**Instructions for the task:**
Work through the listing below and give again exactly the lines from the one with "Sonde industrielle SS201" to the one with "Fantasy Football Dice", both ends included. All other lines and all pictures stay out.

**Records provided:**
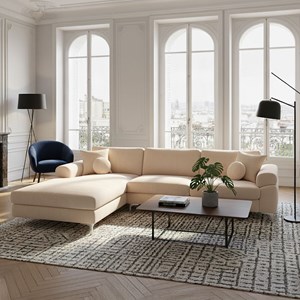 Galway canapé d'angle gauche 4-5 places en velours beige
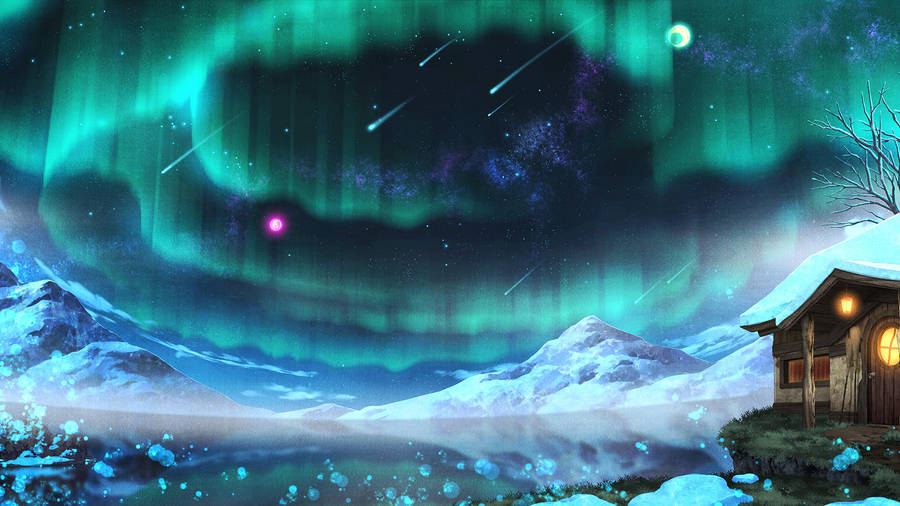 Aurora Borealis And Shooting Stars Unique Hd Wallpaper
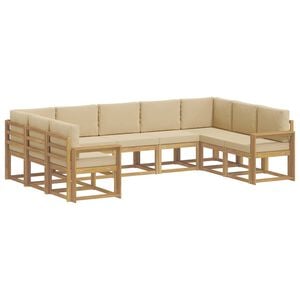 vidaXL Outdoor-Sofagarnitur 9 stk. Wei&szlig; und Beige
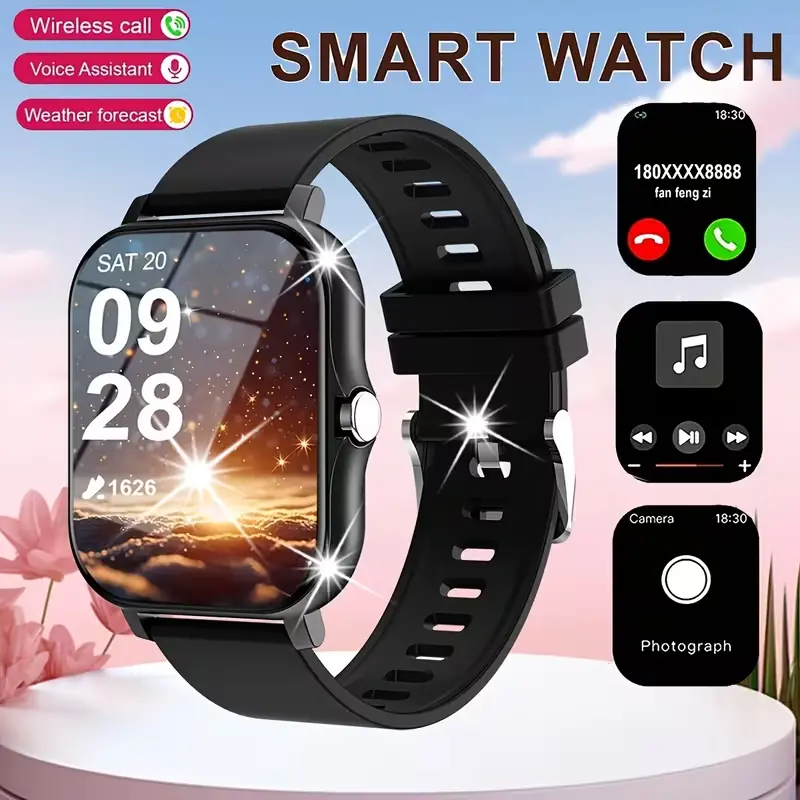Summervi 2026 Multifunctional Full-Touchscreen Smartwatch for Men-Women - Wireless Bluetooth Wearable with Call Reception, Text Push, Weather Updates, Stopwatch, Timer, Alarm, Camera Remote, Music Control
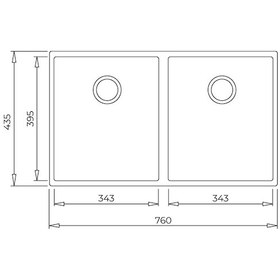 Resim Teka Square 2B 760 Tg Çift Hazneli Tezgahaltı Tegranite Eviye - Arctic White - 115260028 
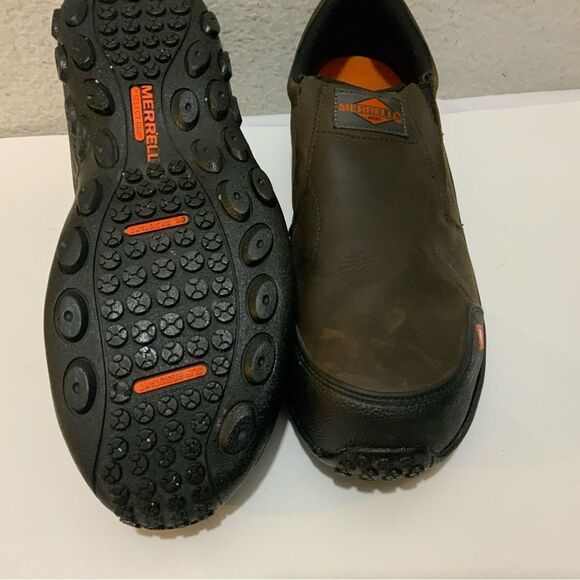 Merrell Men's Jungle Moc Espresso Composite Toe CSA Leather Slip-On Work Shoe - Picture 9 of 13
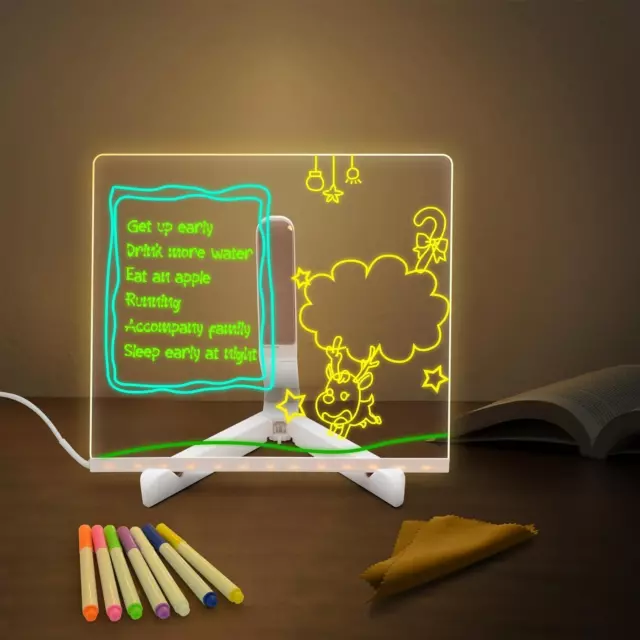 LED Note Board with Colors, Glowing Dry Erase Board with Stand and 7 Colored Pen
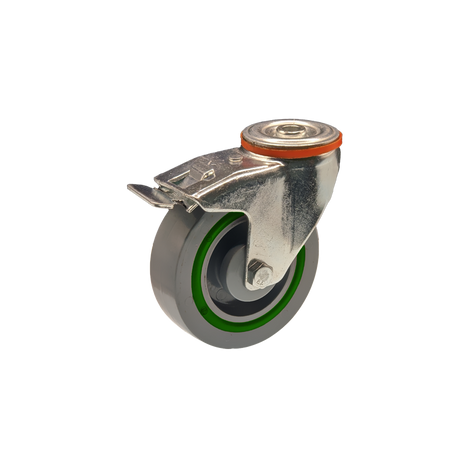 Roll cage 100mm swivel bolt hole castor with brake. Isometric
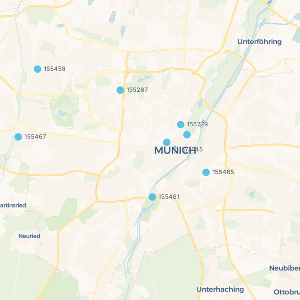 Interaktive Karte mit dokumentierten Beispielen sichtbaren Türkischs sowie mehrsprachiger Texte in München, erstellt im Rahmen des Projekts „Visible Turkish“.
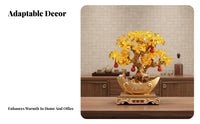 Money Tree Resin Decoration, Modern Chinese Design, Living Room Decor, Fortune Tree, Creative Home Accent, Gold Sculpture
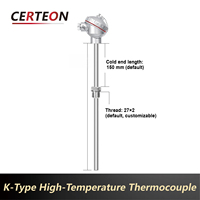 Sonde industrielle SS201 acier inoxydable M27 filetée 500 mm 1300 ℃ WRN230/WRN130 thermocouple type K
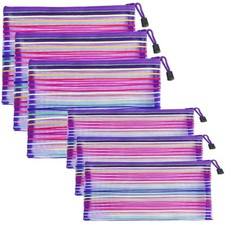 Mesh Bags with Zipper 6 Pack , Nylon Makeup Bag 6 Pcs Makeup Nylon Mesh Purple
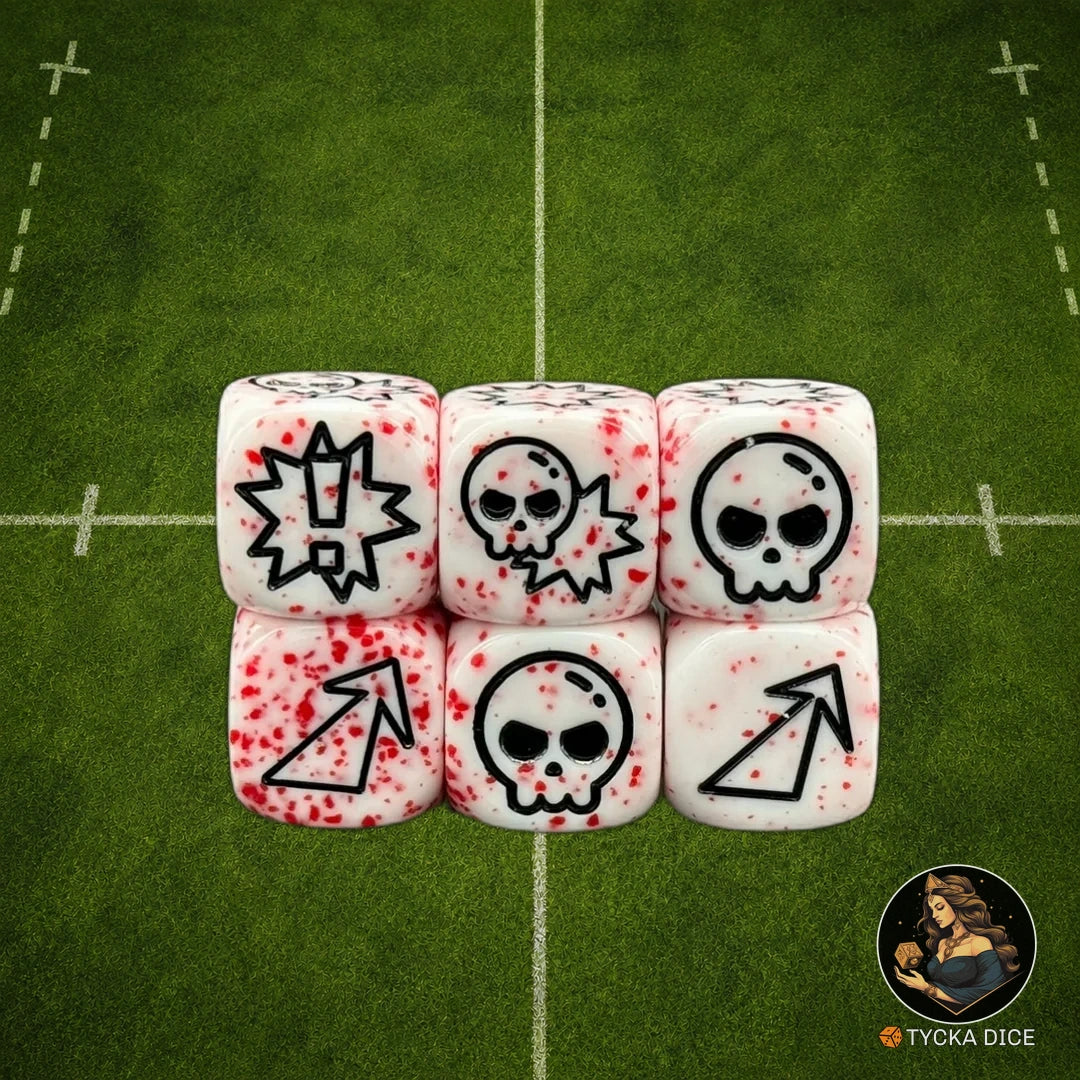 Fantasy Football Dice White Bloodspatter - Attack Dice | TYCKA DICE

...

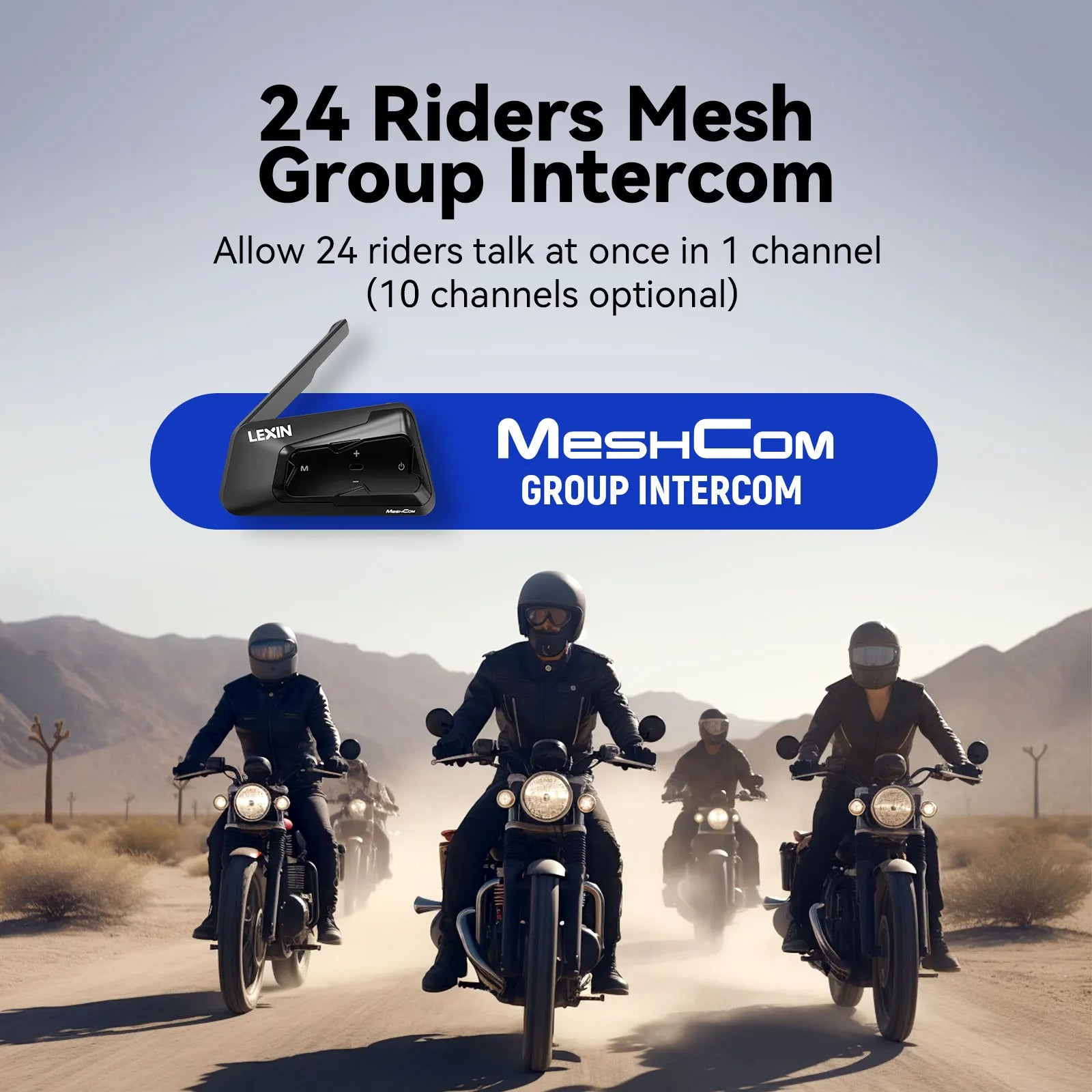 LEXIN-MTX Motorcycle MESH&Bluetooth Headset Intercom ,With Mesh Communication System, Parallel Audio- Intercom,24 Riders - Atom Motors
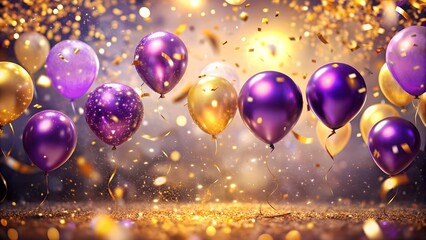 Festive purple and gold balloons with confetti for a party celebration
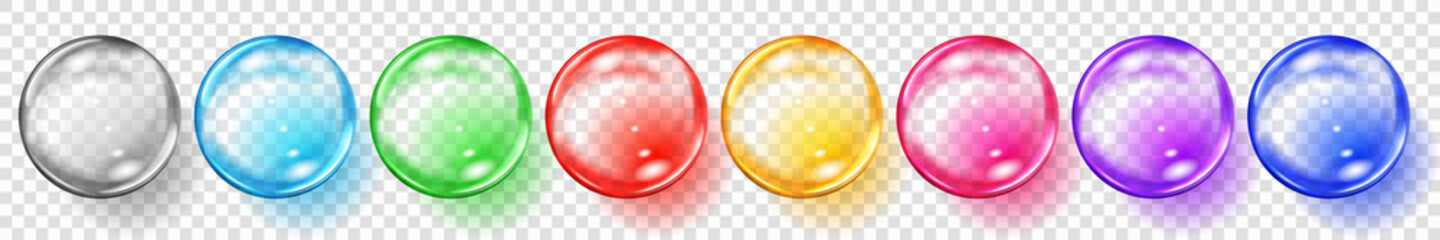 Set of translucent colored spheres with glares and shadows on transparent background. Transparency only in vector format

**Output below:**
 Sonde industrielle SS201 acier inoxydable M27 filetée 500 mm 1300 ℃ WRN230/WRN130 thermocouple type K
 Mesh Bags with Zipper 6 Pack , Nylon Makeup Bag 6 Pcs Makeup Nylon Mesh Purple
 Fantasy Football Dice White Bloodspatter - Attack Dice | TYCKA DICE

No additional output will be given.